Queste le dichiarazioni dei consiglieri del gruppo Firenze Riparte a sinistra Tommaso Grassi, Giacomo Trombi e Donella Verdi


“Oggi in Consiglio comunale, in seguito alla relazione del garante dei diritti dei detenuti (peraltro da noi espressamente richiesta) abbiamo presentato 8 ordini del giorno, 8 proposte concrete per far sì che la nostra Città si prenda cura del proprio carcere, Sollicciano, che versa in pessime condizioni, delle detenute e dei detenuti ivi reclusi, e anche di chi ci lavora, poliziotti, educatori.


Le proposte vanno da quel che può direttamente fare il Comune (contribuire con la propria esperienza e i propri uffici per presentare assieme al carcere progetti che attirino fondi europei o regionali, realizzare percorsi di reinserimento sociale, terminare la struttura per l’accoglienza di detenute madri con i propri piccoli), a quel che deve fare il Ministero (ad esempio la messa in sicurezza del camminamento delle guardie che è crollato), a quel che può fare la cittadinanza (una campagna di raccolta di indumenti sportivi e materiale per lo sport) a quello che possono fare le istituzioni locali e nazionali (mettere in piedi una cabina di regia fra Società della Salute, carcere di Sollicciano e Comune di Firenze per le attività da svolgere congiuntamente, maggior collaborazione con l’ASL, interventi strutturali sul carcere).
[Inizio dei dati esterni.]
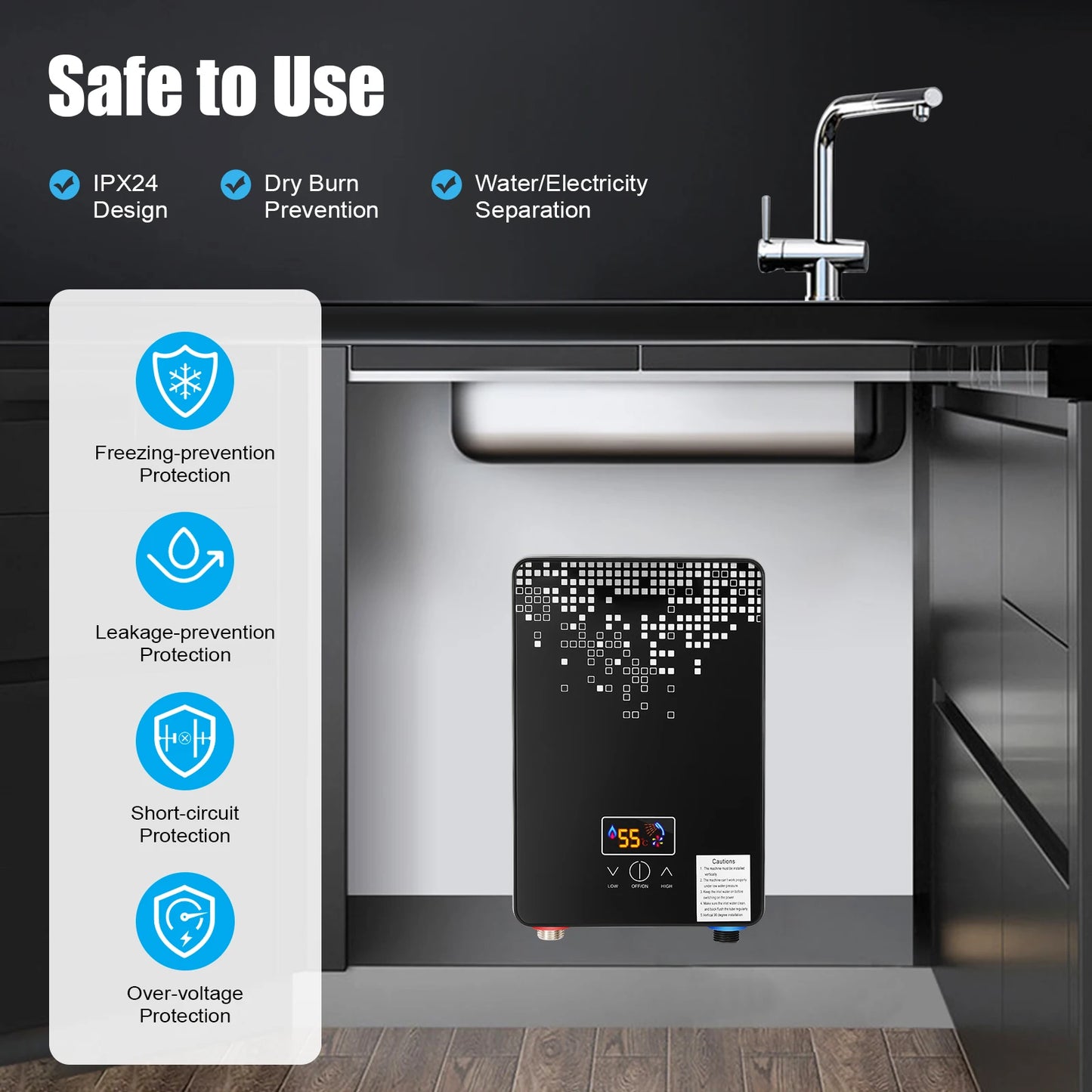 Electric Water Heater 6.5kW Instant Hot Water Heater with Digital Display for Bathroom-220V Black Bathroom Shower Hot Water Set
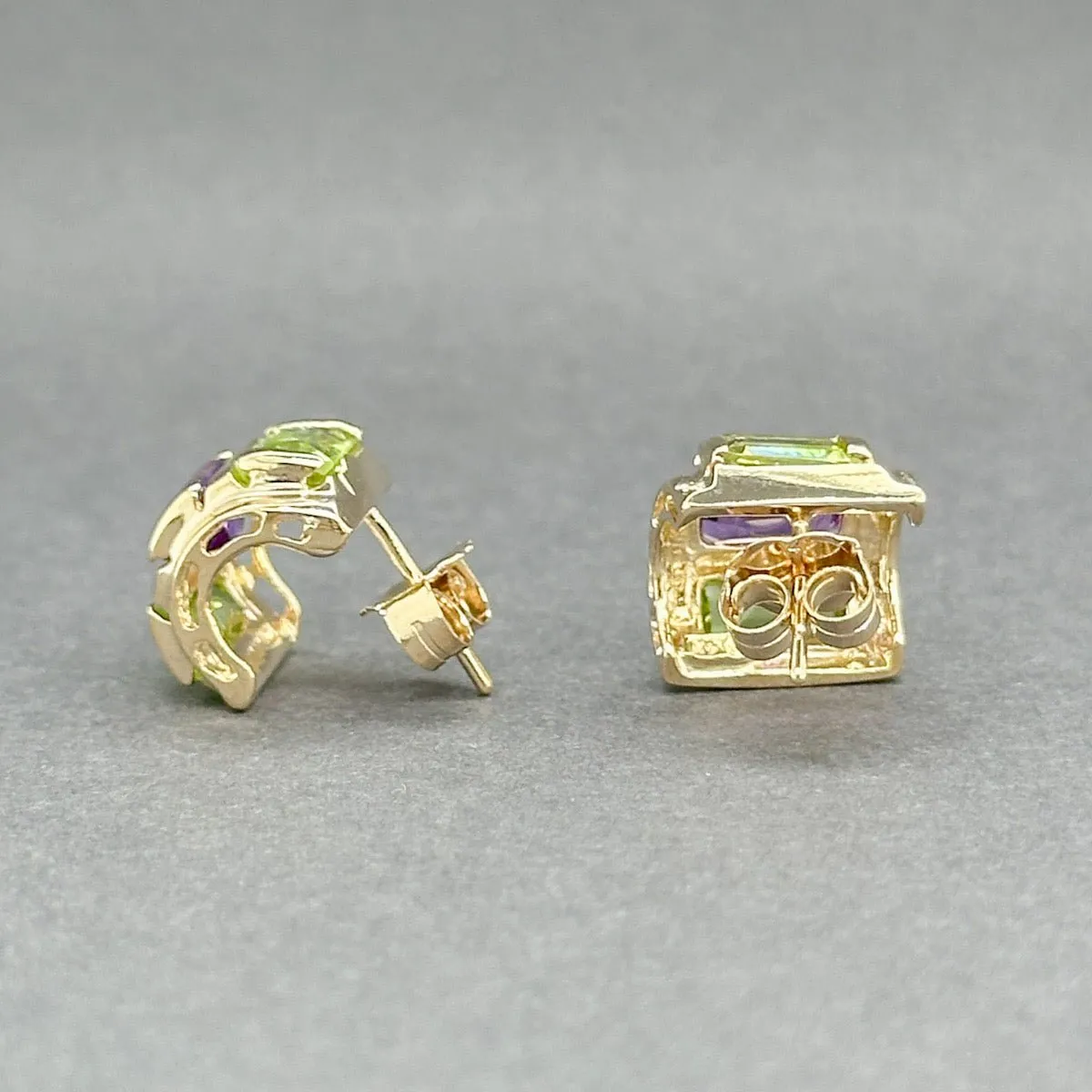 Estate 14K Y Gold 3.02ctw Amethyst & Peridot Earrings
È inaccettabile, e lesivo della dignità umana, che uomini e donne, indipendentemente dai reati per i quali siano stati dichiarati colpevoli, si trovino costretti a vivere in condizioni di grave carenza igienica, di degrado, di profondo disagio e di abbandono. Troviamo questo ancor più stridente considerando che parliamo del carcere della città di Firenze, la città del Bello, dell’Arte, di cui andiamo fieri.
Il carcere è luogo di pena, ma secondo il nostro ordinamento deve essere conforme ad umanità e tendere al reinserimento sociale: Sollicciano, e il carcere in Italia in generale, semplicemente peggiora chiunque vi entri, nell’animo, nel corpo e nella mente.
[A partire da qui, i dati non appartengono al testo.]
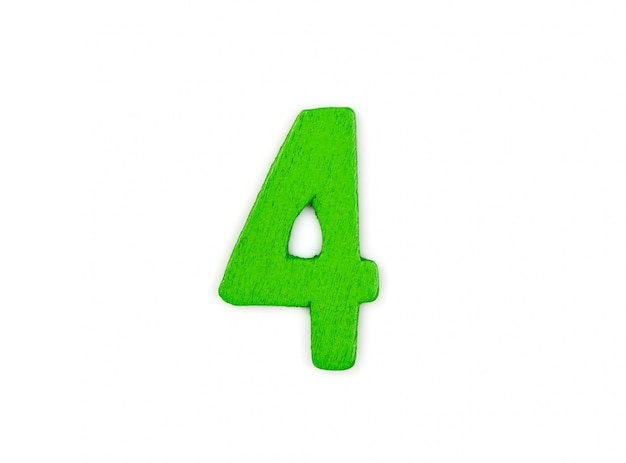 Great number 4 made of wood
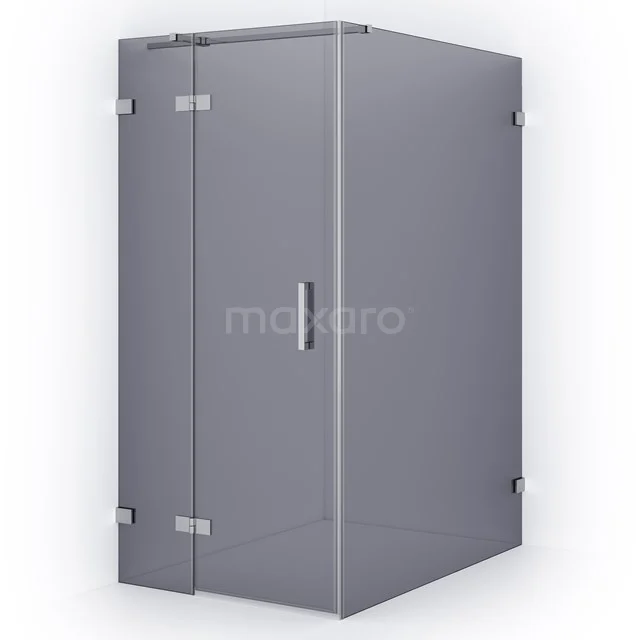 Diamond Shower cabin | 140x100 cm Chrome Smoke glass Pivot door Rectangle CDB214614321C Shower enclosure with corner design in clear glass and metal hinges, ideal for a modern bathroom.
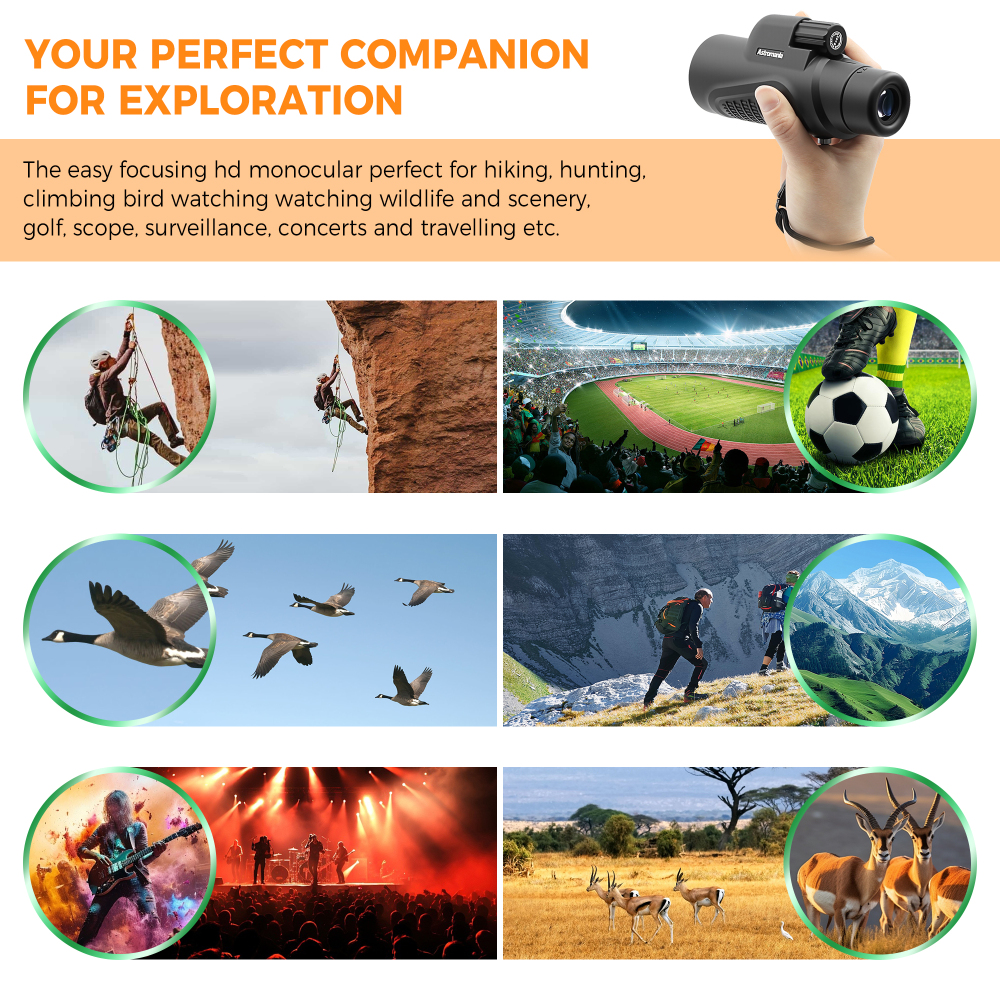 Astromania Monocular Telescope 8x42 HD K9 Prism - High Power & Compact, Waterproof , Fogproof, Shockproof for Birdwatching, Camping, Wildlife - Multi-coated Optics, Rubber Armor & Non-Slip Grip
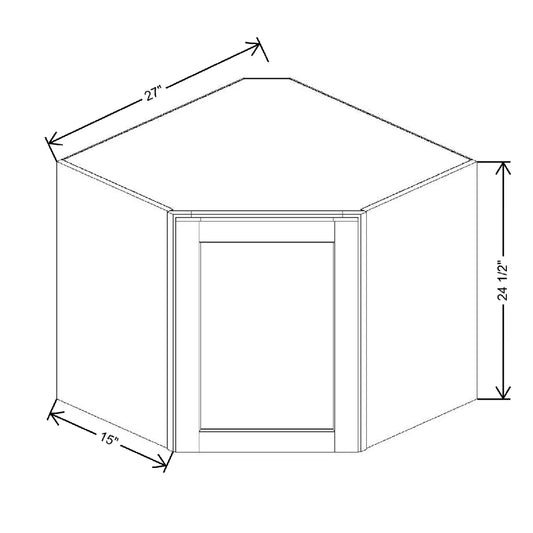 27" W X 24 1/2" H X 15" D Corner Wall Cabinet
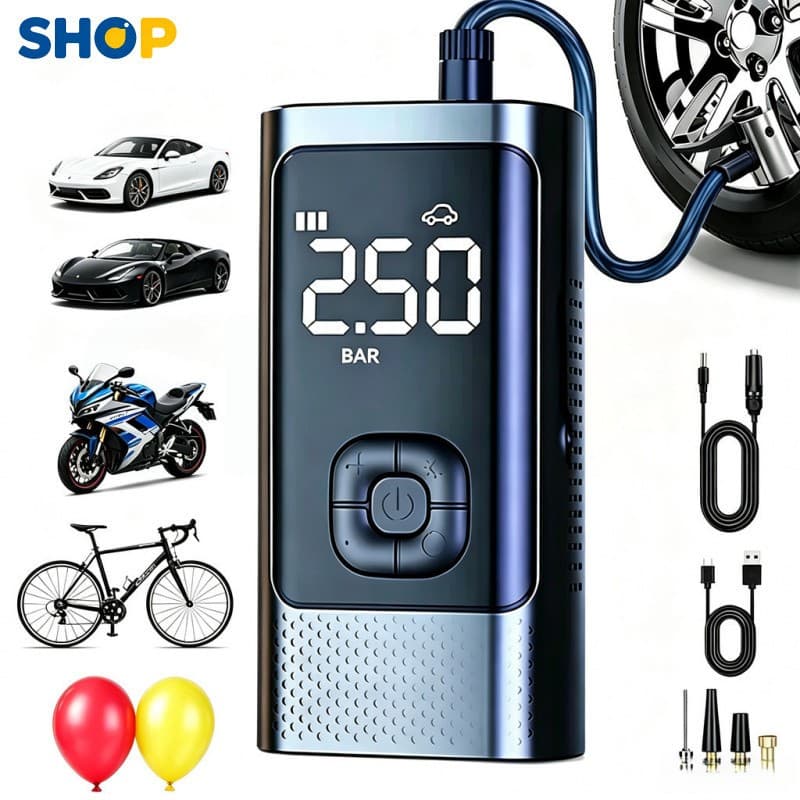 Compressor Sem Fio Display Digital Bateria 4000mAh Inflador para Pneus Carro e Moto - M6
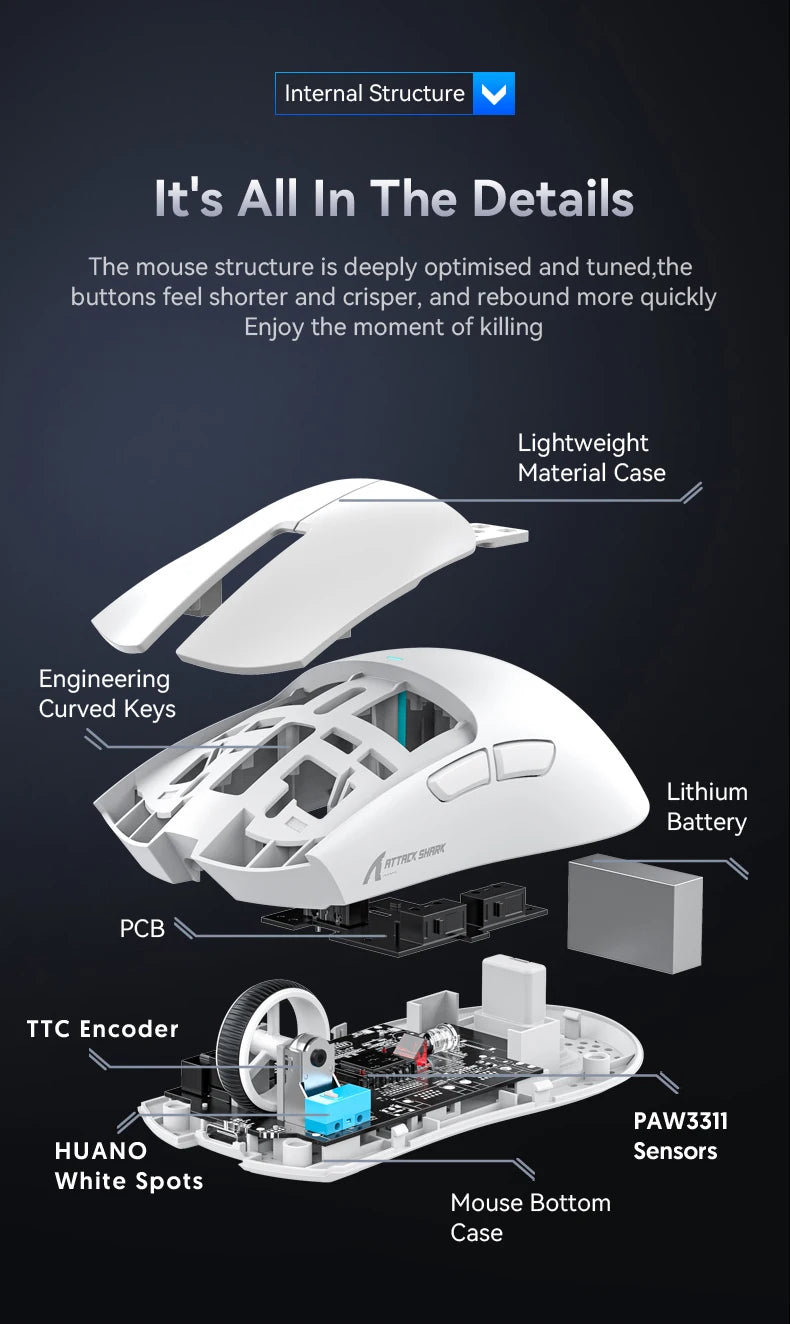Attack Shark X11&R1 Tri Mode Bluetooth Wireless Mouse With Charger Base RGB Ergonomics Mice Lightweight PC Gamer Accessories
Riteniamo sia un dovere morale per il Comune di Firenze, e più in generale per la città, adoperarsi per verificare e migliorare le condizioni di Sollicciano, e di intensificare i rapporti fra la città e il suo carcere, anche con l’ottica di un futuro reinserimento sociale.
Invitiamo tutti, cittadini, politici e giornalisti, a visitare il carcere di Sollicciano per rendersi conto di persona di quel che soffrono detenute e detenuti”.